Mean Function: Input

A vector of numeric values (x)

mean_function <- function(x){
  
  
  
  
  
  
}

\[ \bar{x} = \frac {\sum \color{red}{x}} {n} \]

Mean Function: Process

  1. Add up all the values within x
mean_function <- function(x){
  
  numer  <- sum(x)
  
  
  
  
}

\[ \bar{x} = \frac {\color{red}{\sum x}} {n} \]

Mean Function: Process

  1. Add up all the values within x
  2. Find the number of values within x
mean_function <- function(x){
  
  numer  <- sum(x)
  denom  <- length(x)
  
  
  
}

\[ \bar{x} = \frac {\sum x} {\color{red}{n}} \]

Mean Function: Process

  1. Add up all the values within x
  2. Find the number of values within x
  3. Divide the sum of values by the number of values
mean_function <- function(x){
  
  numer  <- sum(x)
  denom  <- length(x)
  output <- numer/denom
  
  
}

\[ \bar{x} = \color{red}{\frac {\sum x} {n}} \]

Mean Function: Output

Return the value contained in output

mean_function <- function(x){
  
  numer  <- sum(x)
  denom  <- length(x)
  output <- numer/denom
  
  return(output)
}

\[ \color{red}{\bar{x}} = \frac {\sum x} {n} \]

Mean Function: Testing

Now that we have made our function, we can test it by comparing the output it gives us to the regular old mean() function in base R!

Let’s simulate some random values to test our function with:

test_data <- rnorm(n = 10, mean = 0, sd = 1)
test_data
 [1]  0.11148599  0.09301212 -1.31551523 -1.58759382 -1.26621010 -0.41885440
 [7]  1.59791447  0.62133804 -0.20493488  0.96448323

Mean Function: Testing

Let’s see how our function compares to mean() in base R

We can use test_data as a test case:

# print the mean that our function calculates
mean_function(test_data)
[1] -0.1404875
# print the mean that the base R function calculates
mean(test_data)
[1] -0.1404875
# return TRUE if the two  means are equivalent
mean_function(test_data) == mean(test_data)
[1] TRUE

It wasn’t magic after all!!

Step 2: Variance is the Spice of Life

  • Now we have dipped our toe in, let’s up the complexity
  • Variance is a little trickier, but not totally alien
  • We can use our new mean function too!

\[\sigma^2 = \frac{\sum(x - \bar{x})^2}{n-1}\]

Variance Function: Input

A vector of numeric values (x)

var_function <- function(x){
  
  
  
  
  
  
  
}

\[ \sigma^2 = \frac {\sum(\color{red}{x} - \bar{x})^2} {n-1} \]

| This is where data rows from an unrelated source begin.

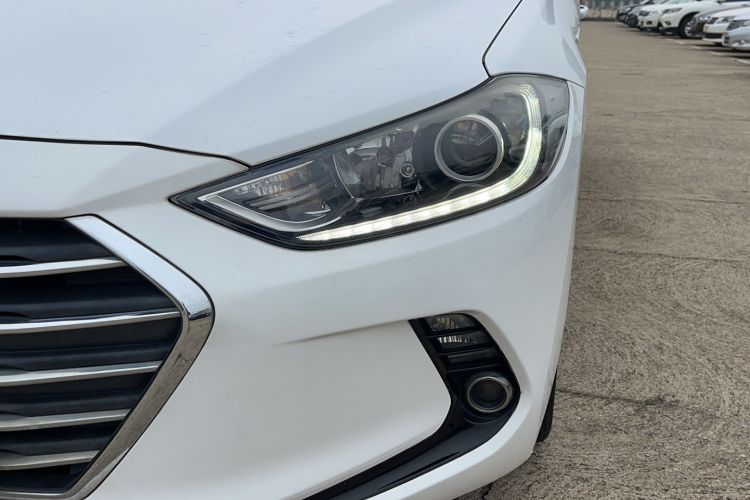 Used Hyundai Elantra (6th Generation / Lingdong) 2016 1.6L Automatic ZhiXuan – Elite Version Left Front Headlight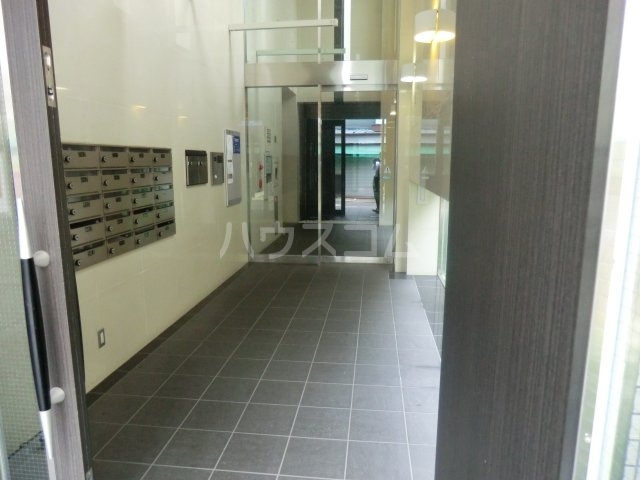 22/30 エントランス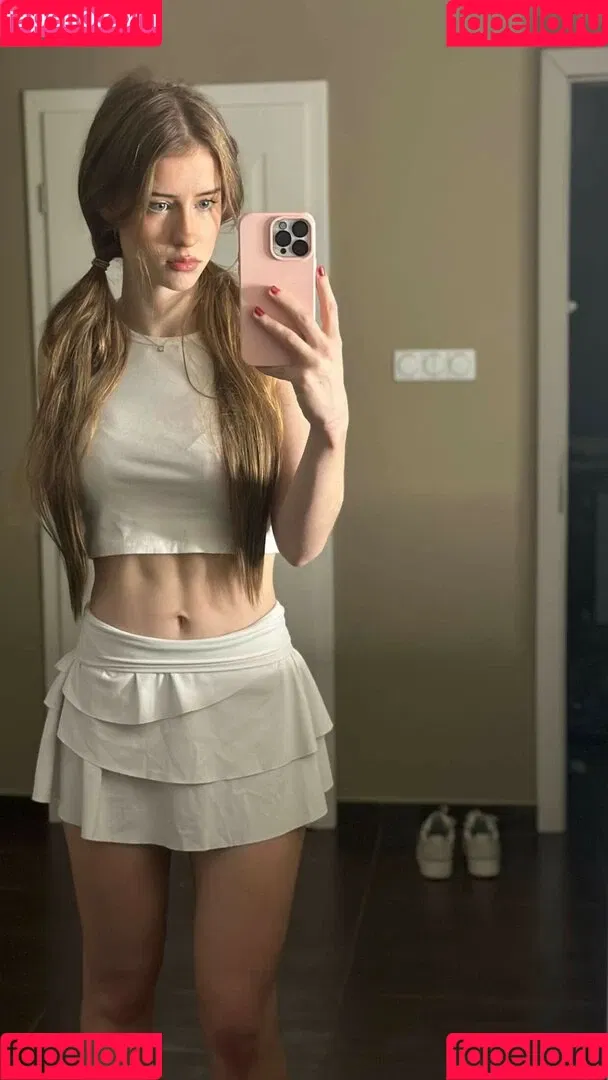 Mira.004 / model_mira Onlyfans Photo Gallery 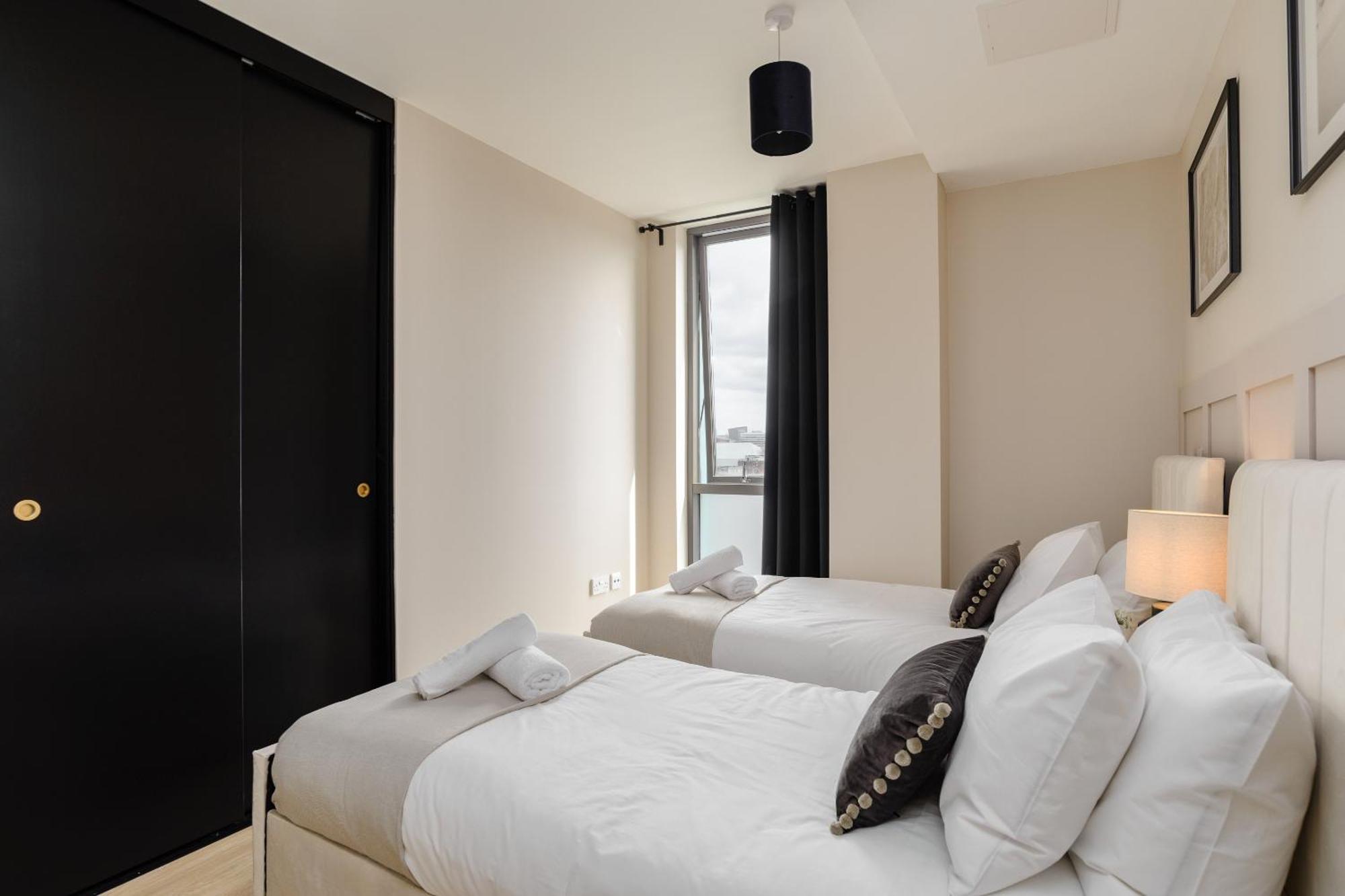 Premium Apartment - Allocated Parking - Great Location بلايموث المظهر الخارجي الصورة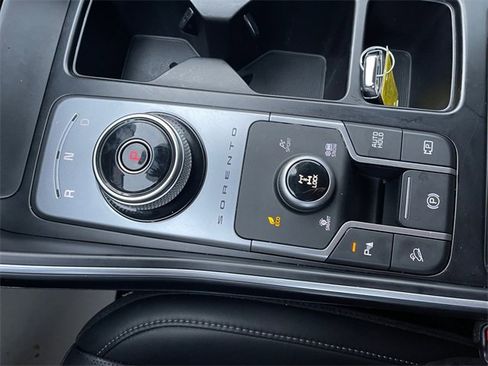 Used 2024 Kia Sorento EX image 37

Variance Function: Process

  1. Calculate the mean of x using our mean_function()
var_function <- function(x){
  
  av     <- mean_function(x)
  
  
  
  
  
}

\[ \sigma^2 = \frac {\sum(x - \color{red}{\bar{x}})^2} {n-1} \]

Variance Function: Process

  1. Calculate the top part (numerator) of the formula

    1. subtract the mean from each value of x
var_function <- function(x){
  
  av     <- mean_function(x)
  numer  <- (x - av)
  
  
  
  
}

\[ \sigma^2 = \frac {\sum(x \color{red}{-} \bar{x})^2} {n-1} \]

Variance Function: Process

  1. Calculate the top part (numerator) of the formula

    1. subtract the mean from each value of x
    2. square each of the resulting values
var_function <- function(x){
  
  av     <- mean_function(x)
  numer  <- (x - av)^2
  
  
  
  
}

\[ \sigma^2 = \frac {\sum(x - \bar{x})^\color{red}{2}} {n-1} \]

Variance Function: Process

  1. Calculate the top part (numerator) of the formula

    1. subtract the mean from each value of x
    2. square each of the resulting values
    3. sum all of the squared values together
var_function <- function(x){
  
  av     <- mean_function(x)
  numer  <- sum((x - av)^2) 
  
  
  
  
}

\[ \sigma^2 = \frac {\color{red}{\sum}(x - \bar{x})^2} {n-1} \]

Variance Function: Process

  1. Calculate the bottom part (denominator) of the formula
var_function <- function(x){
  
  av     <- mean_function(x)
  numer  <- sum((x - av)^2)
  denom  <- length(x) - 1
  
  
  
}

\[ \sigma^2 = \frac {\sum(x - \bar{x})^2} {\color{red}{n-1}} \]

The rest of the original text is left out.